Whatever was God’s providence for me, it was His to lay out and mine to obey.  No longer did I have to invent myself. ~ Dr. Rosaria Champagne Butterfield, The Unlikely Convert

No longer did I have to invent myself.  That phrase struck me so deeply this week, that I’ve been thinking about it for days.  I scribbled it on scrap paper and stuffed it between the frame and glass of the mirror that sits in our kitchen.  I wrote it across my Moleskin notebook so I won’t forget it.  A freedom from the pressure to build a masterpiece that outshines the one next to us.  I often live life with my private faith compartmentalized in one corner and my public persona in another, with my daily realities and roles of wife, mother, and self somewhere in between.  Do you do this? Along the way, I’ve put this enormous pressure on myself to be an adventurer, to forge this untraveled path of my own.  In short, to invent myself, as Rosaria states so eloquently.  It promises to be exciting and unknown and I always receive the message that if I am not a free spirit wanderer,  (or an eloquent writer of profound words) I’ve settled for “less than” in this life.  That if I’m not living the fast-paced, well-traveled life, then I’m not really “living”.  (Thank you Pinterest for solidifying this with all your simplified quotes on the meaning of life with the ocean as a backdrop.)

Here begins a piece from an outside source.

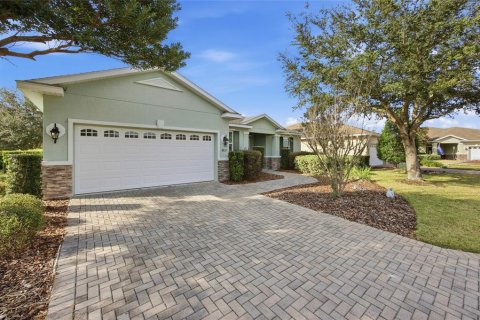 House in Ocala, Florida 3 bedrooms, 184.88 sq.m. № 2108868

What if the adventure is right here, in the quiet recesses of my own heart, mind, and soul?

I’m not talking about the often over-stated idea of “just” counting your blessings, finding contentment, and being thankful for what you have.  All of those things are true, but we often say them so much, in such a flippant, off-handed way.  Or we count those blessings just to cope….to make ourselves feel better about the bad without ever really getting to close to it….like plugging our ears and closing our eyes and saying, “I’m not listening!” to what is around us, even if we are suppose to look at it and hear it and learn from it.  I’m just too used to those phrases glossing over what is going on at a deeper level, and those ideas have slowly lost their meaning for me.   Again, like saying a word over and over until it sounds nonsensical.  I’m talking about sitting and facing yourself fully, looking deeply into the soul, looking deeply into the soul of others, trudging through big, enormous questions of life, and pushing past the fear of what answers are to be found.

Often, the would-be adventurer is a wanderer, running away from their own solitude out of fear.  Don’t let that fear rule.

So I write on this blog, not because I am an eloquent writer (I mash up my phrases and edit too quickly all the time.  I use “but” and “and” as sentence starters often, which is breaking the golden rules of writing, and I am always in internal turmoil over this fact.  I am a hopeless “rusher”.  I’ve edited this post four times and I’m just ready to click publish, for crying out loud.)  I write because the soul is a combination of intellect and emotion, and this life is made up of reality and truth, and I like to find it in the ordinary corners of days and weeks and months and years. So I promise to wrestle with the questions and share what I learn, and how I fall, and how I get up, and why I can even get up.

Thank you for letting me think and live out loud.  Thank you for listening.